The group of 16-seeds aren’t particularly strong this season, so it’s tough to get too excited about the possibility of a one-seed losing its first game. (The best chance for it will easily be NC Central against Kansas should it happen.) But if a 16-seed is really, truly serious about beating a one-seed, it should look to Ty Lawson for a tool to use in its mission.
You may recall Lawson’s move in a game against Denver on February 24.
There is a special time in a basketball game — after a made basket — where the clock is moving yet the shot clock is not. It’s sort of like the transit area of airport. You’re still playing the game, but you’re not governed by its laws. And any massive underdog should leverage this situation.
So listen up, 16-seeds. When the one-seed makes a basket, don’t be in such a hurry to inbounds the basketball. And when you do, take the approach of Anthony Tolliver in the above clip and just drop the ball in play. If you’re the point guard, take your time picking it up. Don’t be obvious about it at first.
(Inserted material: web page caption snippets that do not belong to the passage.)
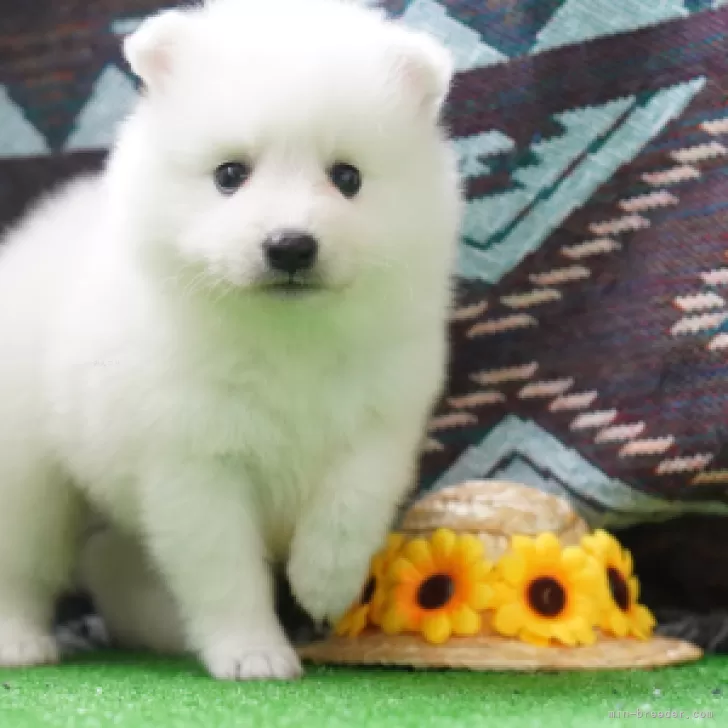 ID:2405-06406の子犬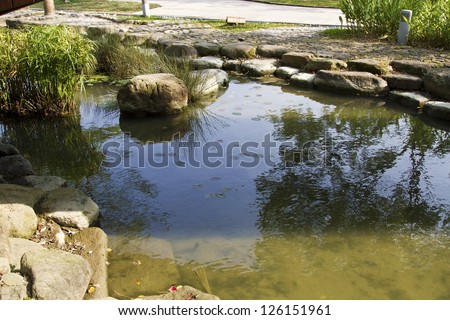 plants on stream in eco green park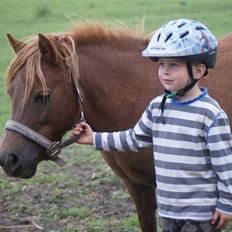 Shetlænder Hedelunds Anja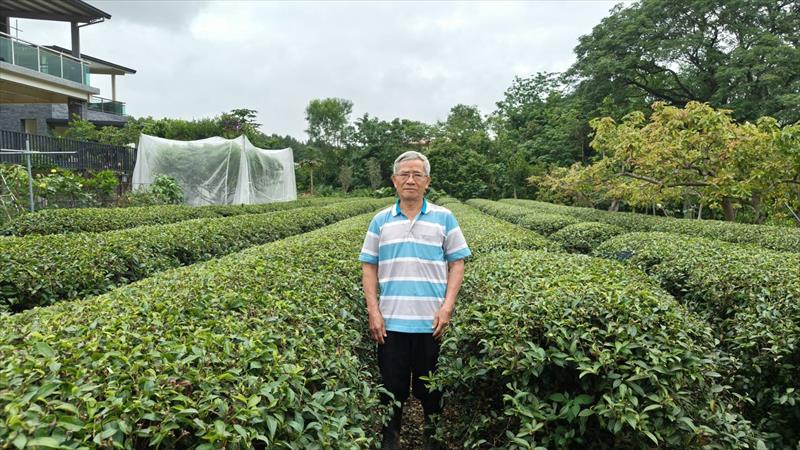 生產者圖片
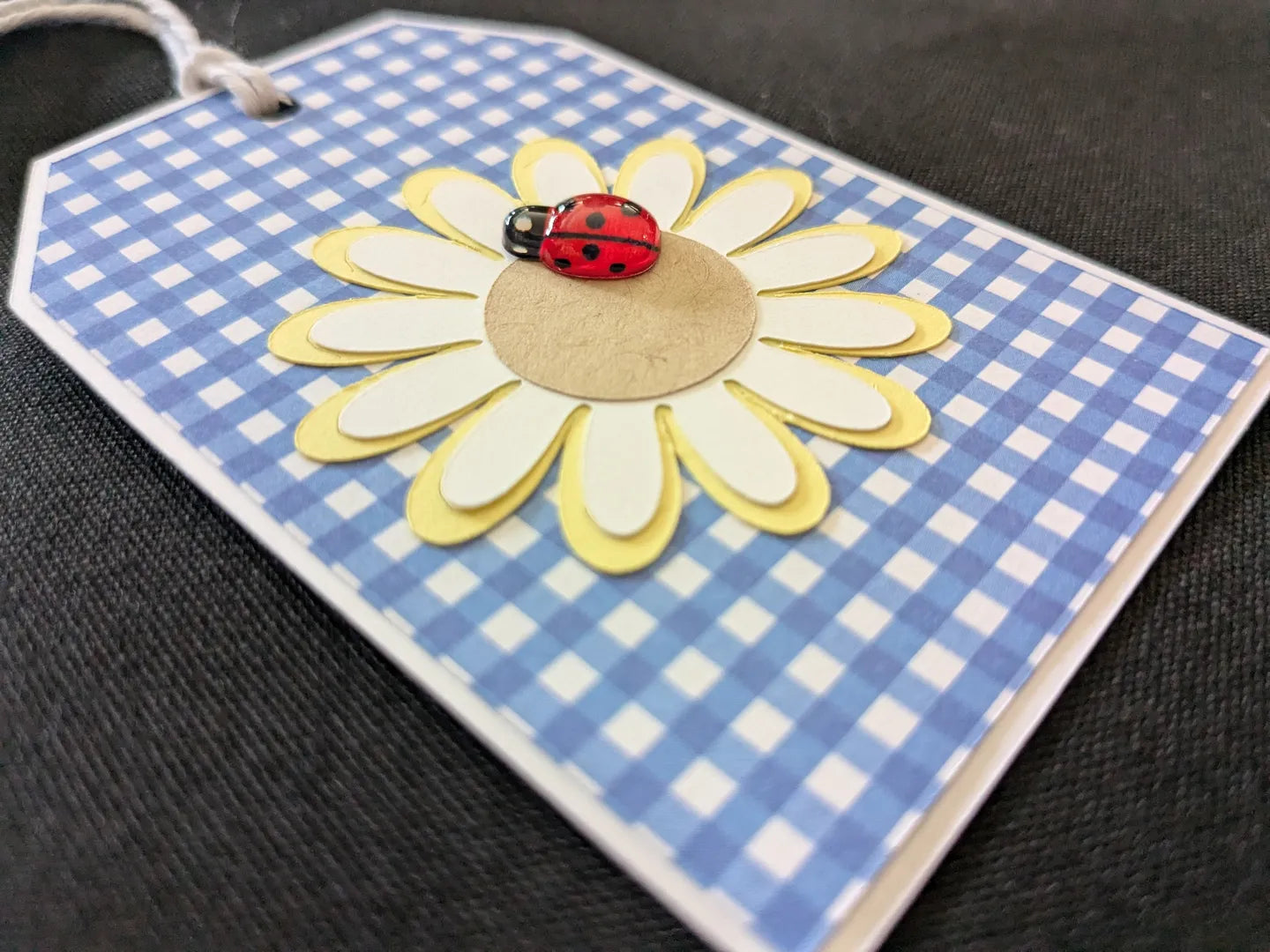 Daisy Gift Tags (Set of 6)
Kill three seconds here, five seconds there, maybe seven seconds another time. You don’t want the opponent to change its strategy. All it really has to do is keep someone in the back court to stop this from happening.
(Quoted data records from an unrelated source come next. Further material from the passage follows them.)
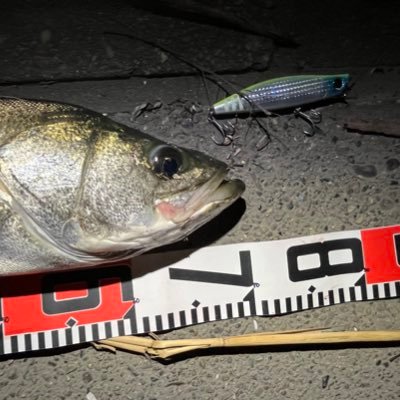 🎣シーバス/東京湾奥河川ナイトゲームメイン【荒川、中川、綾瀬川、旧江戸川】 /ランカーハンティングに挑戦中🐟🐟🐟/🎣バス/霞ヶ浦水系他/デイゲーム/ラージ&スモール/50upに挑戦中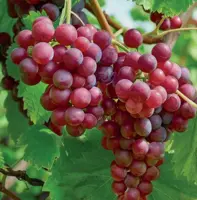 Vitis vin. Heike 5l - pitloze rood/paarse druif zelfbestuivend - afbeelding 2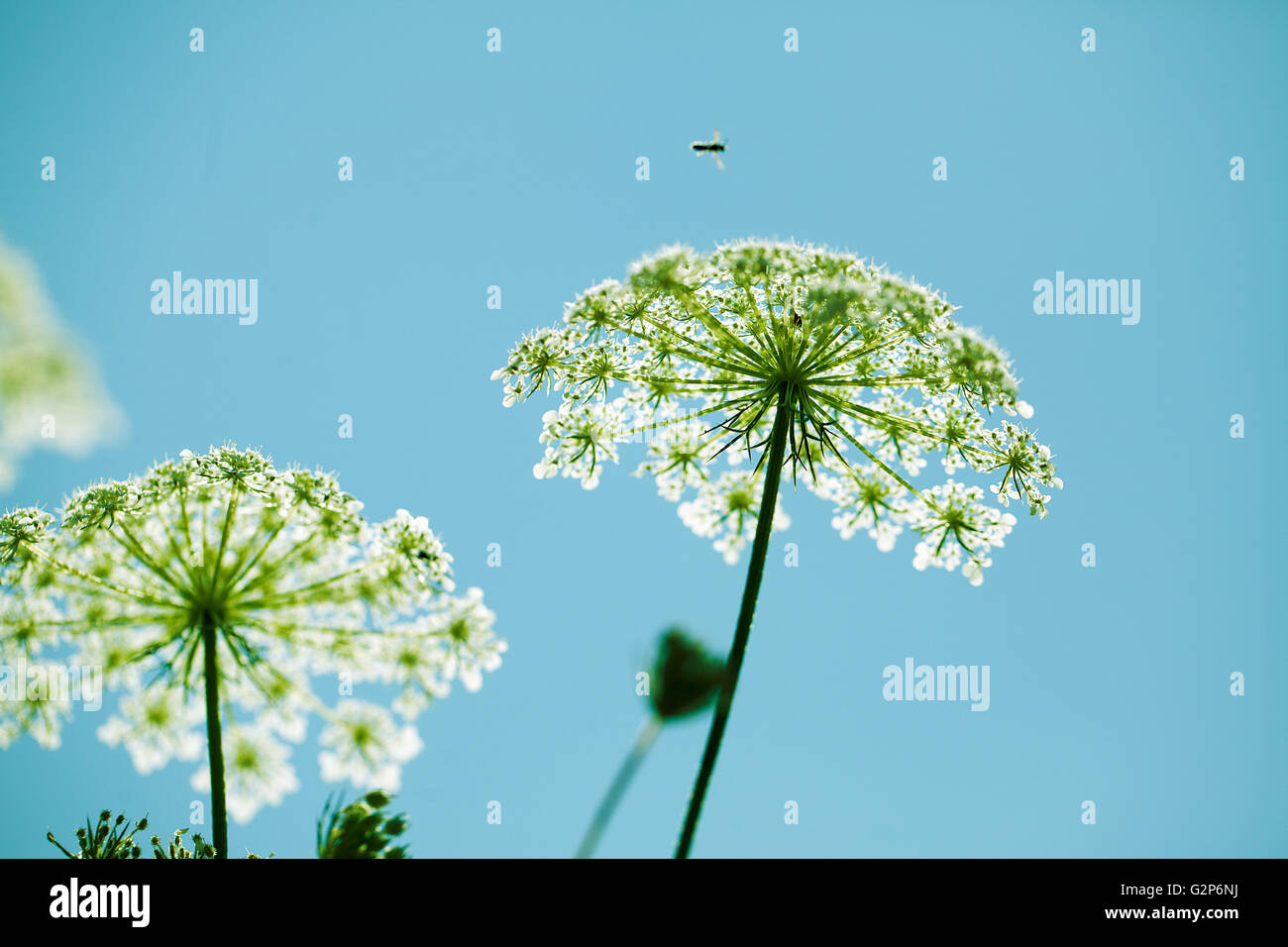 Close-up of Dill flower umbels in autumn Stock Photo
But then, if you happen to be in the game with ten minutes left, say down by five or eight points, be totally belligerent about it. Make the opposing team force you to pick up the ball every single time. At some point there’s the potential to make a mockery of the game, but do you want to win or not? Before the shot clock, stalling made a mockery of the game. But eventually enough coaches decided they wanted to win and it became a regular tactic.
Well, there is still a chance to stall, so if you really want to make history, you might as well take advantage of this opportunity. Someday, this gap in the rules will be fixed just as the shot clock reluctantly became a thing. But not until a team exploits the glitch to its fullest advantage. And that team will be remembered forever.